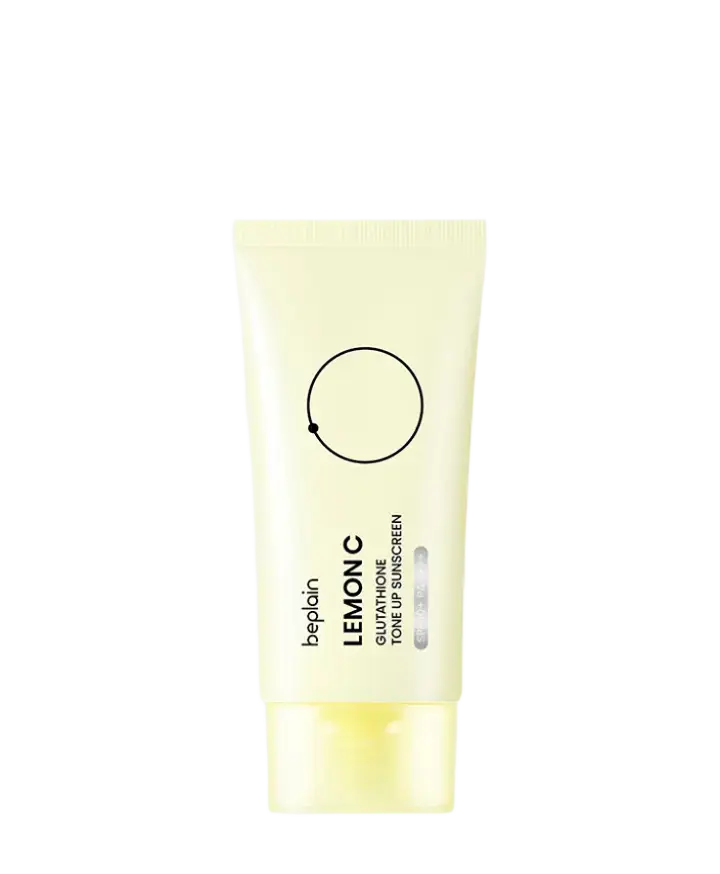 Beplain Lemon C Glutathione Tone Up Sunscreen SPF 50+
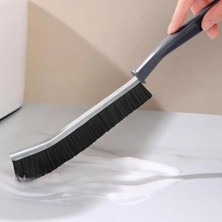 Aesco Jouis Çok Amaçlı Multi Ince Temizlik Fırçası Derz Arası Banyo Mutfak Lavabo Detay Temizleme Fırçası 2 Adet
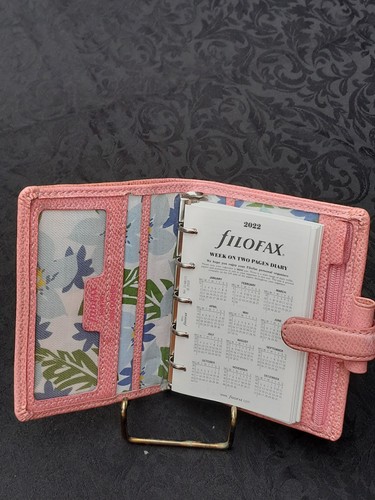 Vintage rare pink leather mini - vintage,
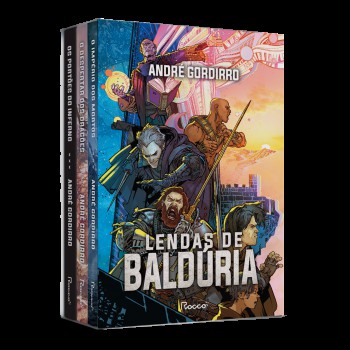 Combo Trilogia Lendas De Baldúria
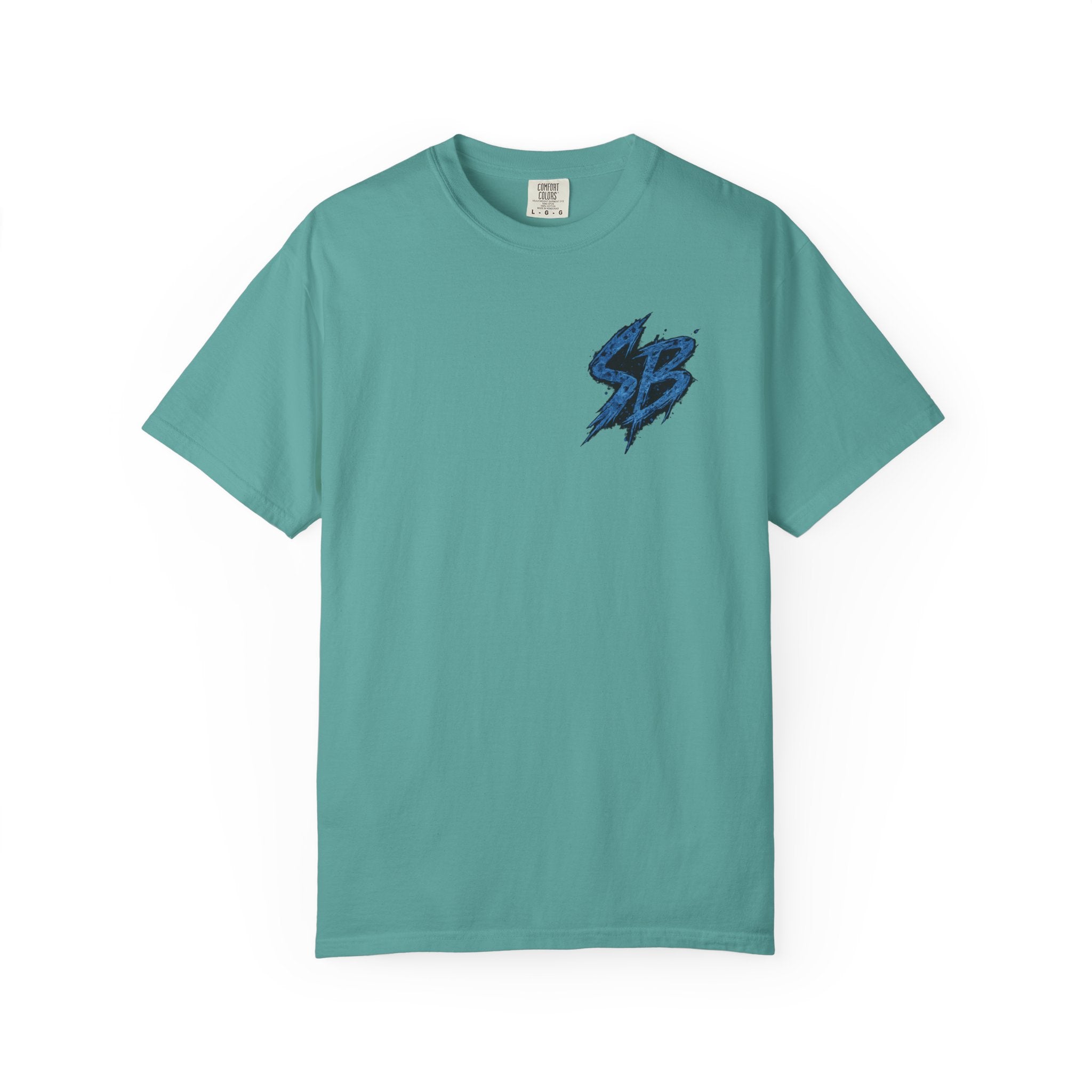 Savage Built Brotherhood T-Shirt | Men’s Graphic Tee | Streetwear Back Print Shirt | SB Logo Tee | Built Different Apparel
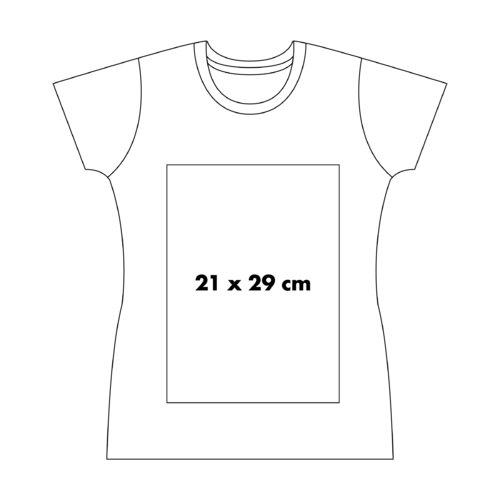 Camisetas de algodn con mangas cortas y cuello redondo.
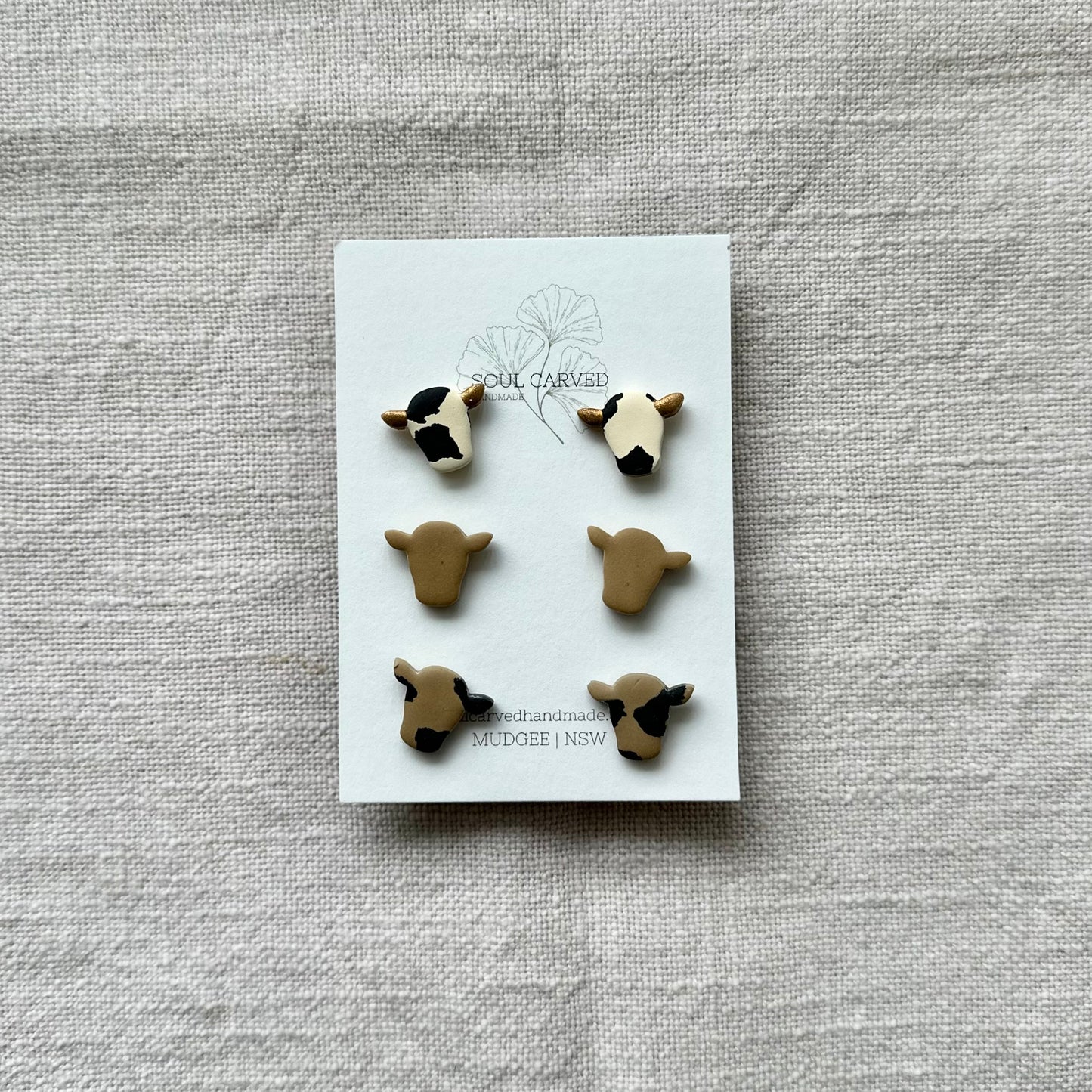 Mini Bull Head Studs Packs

◆ **ACTIVITY**
In the copy, each entry above must match exactly, and no picture may be carried over.

◆ **WRITTEN RESPONSE**
 Beplain Lemon C Glutathione Tone Up Sunscreen SPF 50+
 Aesco Jouis Çok Amaçlı Multi Ince Temizlik Fırçası Derz Arası Banyo Mutfak Lavabo Detay Temizleme Fırçası 2 Adet
 Vintage rare pink leather mini - vintage,
 Combo Trilogia Lendas De Baldúria
 Savage Built Brotherhood T-Shirt | Men’s Graphic Tee | Streetwear Back Print Shirt | SB Logo Tee | Built Different Apparel
 Camisetas de algodn con mangas cortas y cuello redondo.
 Mini Bull Head Studs Packs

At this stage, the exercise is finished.